- ACTIVITY
Below is a listing. Return the lines from the one that contains "Tavolo allungabile fino a 1,70" to the one that contains "Photo of property", both ends included, verbatim and with no pictures.

- EXERCISE INPUTS
○ ○ ○ ○

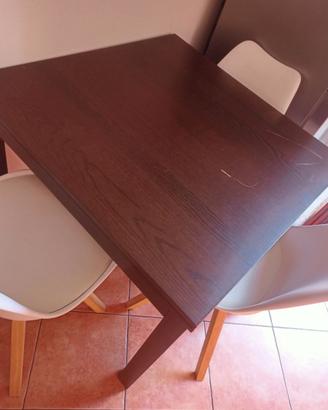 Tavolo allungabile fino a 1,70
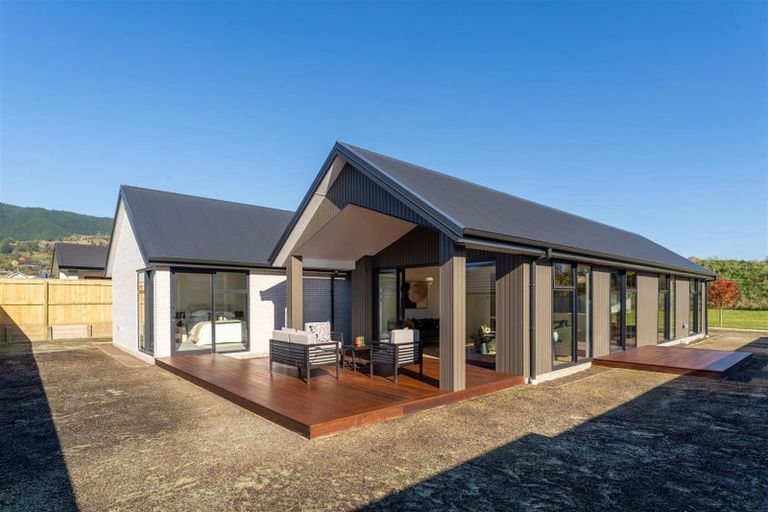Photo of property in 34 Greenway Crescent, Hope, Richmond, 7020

○ ○ ○ ○

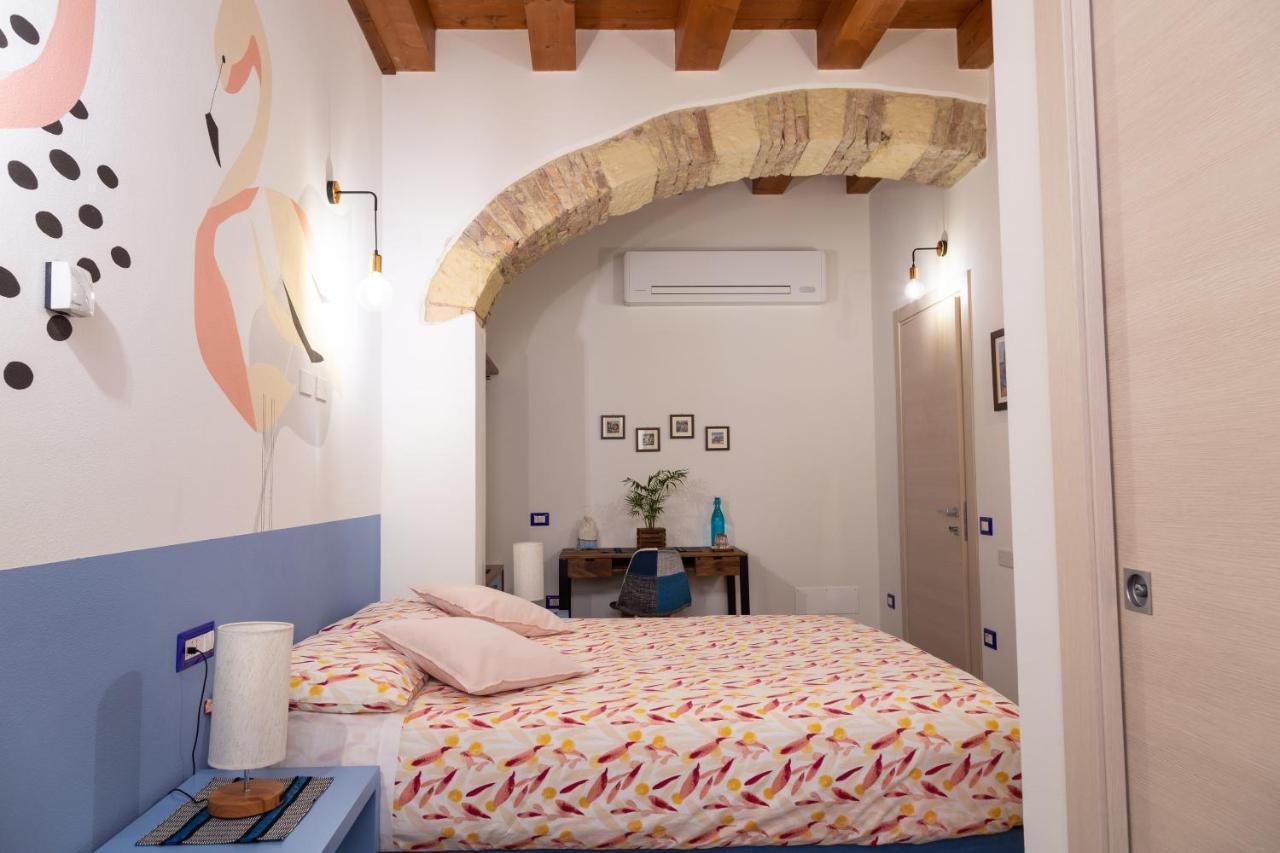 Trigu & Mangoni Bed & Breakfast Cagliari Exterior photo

○ ○ ○ ○

- EXERCISE ANSWER
 Tavolo allungabile fino a 1,70
Photo of property in 34 Greenway Crescent, Hope, Richmond, 7020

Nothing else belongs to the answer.